12
votes
What useful tasks are possible with an LLM with only 3B parameters?
Playing with Llama 7B and 13B, I found that the 13B model was capable of doing a simple task, rewriting titles in sentence case for Tildes submissions. The 7B model doesn't appear capable of the same task, out of the box.
I heard about Android's new AICore available on a couple of new devices. But it sounds like Gemini Nano, which runs on-device, can only handle 2B or 3B parameters.
Is this size of model useful for real tasks? Does it only become useful after training on a specific domain? I'm a novice and wanting to learn a little bit about it. On-device AI is an appealing concept to me.
When you say out of the box, what do you mean? Because the raw language model is indeed not very useful, but any of the instruct-tuned 7B variants are more than capable of such a simple task as changing sentence case.
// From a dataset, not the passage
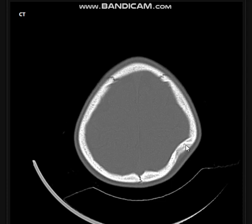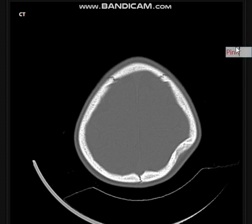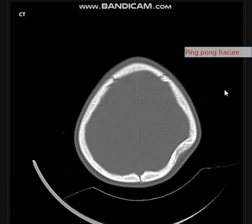As I always say, the bones of younger children are very malleable, so trauma might lead to just an indentation — leading to what we call a ping-pong fracture. I always describe this as very similar to a greenstick fracture, which occurs in the radius, ulna, or leg bones.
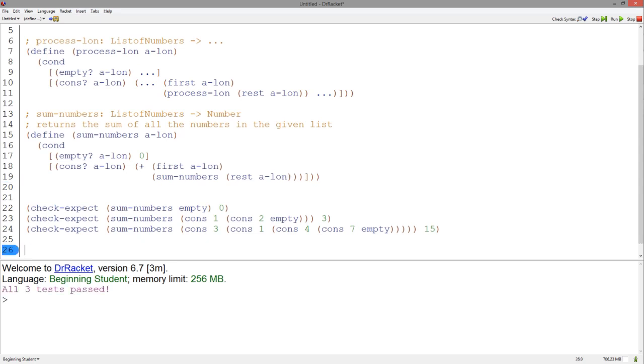And that's it. As you can see, our tests pass. I hope this video about list templates helped and until next time.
3b models are good at quite a lot of tasks. Extracting keywords, certain kinds of summarization and content moderation are things I have applied them to. Also, non-LLM models such as image categorizers, or multi-modal models that can describe photos or videos in text form can also work effectively within such limited sizes.
That is helpful thanks! I should have clarified: I've been trying Ollama and their default llama2 model.
Looking at that page now, apparently Ollama's default uses a "Chat" variant:
I just tried the "llama2:text" (7B) variant mentioned on that page, and that was a mistake:
I should play with different training variants, it sounds like.
Update: This works better with a different prompt, on the default (Chat) 7B model:
Convert this title to sentence case without adding a period: Apple Releases macOS Sonoma 14.4.1 With Fix for USB Hub Bug
A slightly different prompt makes all the difference. Instead of returning the title unchanged, it now does what I ask. It's about trial and error to find the exact wording of the prompt.
So I definitely underestimated the power of 7B, and it's great knowing that a 3B model is going to be good enough for a lot of useful tasks as well.